| TASK STATEMENT |
In the entries below, which lines run from the one with "Gucci Blue Interlocking" through the one with "Bright red cotton"? Repeat exactly those, both included, and no pictures.

| TASK DATA |
========

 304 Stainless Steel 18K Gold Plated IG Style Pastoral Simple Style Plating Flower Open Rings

========

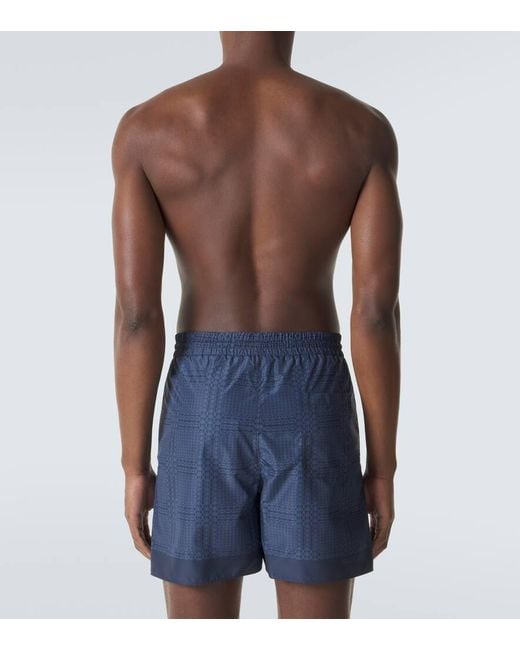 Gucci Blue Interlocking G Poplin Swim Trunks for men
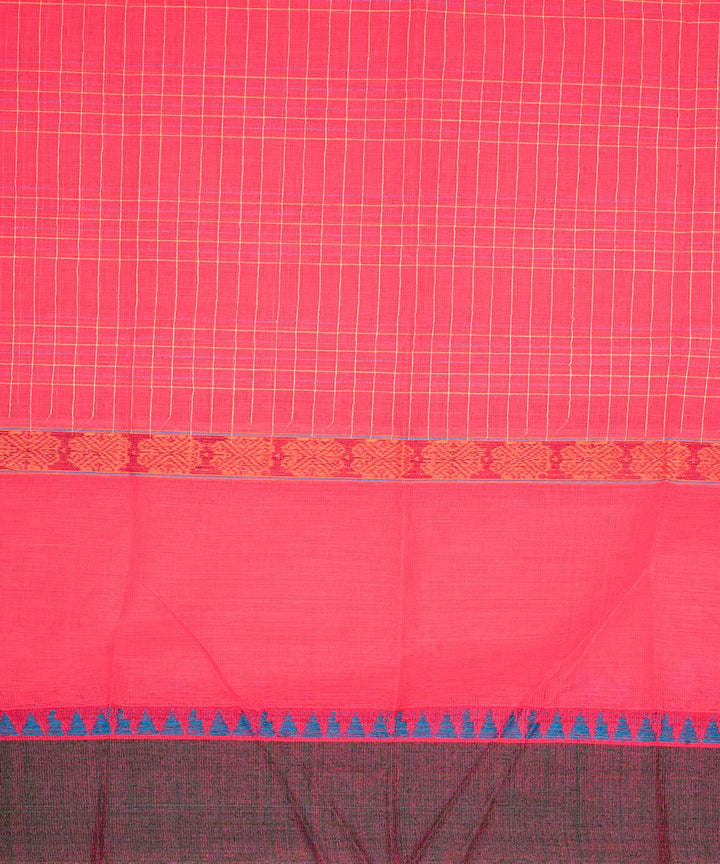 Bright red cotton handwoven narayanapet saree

========

| OUTPUT OF THE EXERCISE |
 Gucci Blue Interlocking G Poplin Swim Trunks for men
 Bright red cotton handwoven narayanapet saree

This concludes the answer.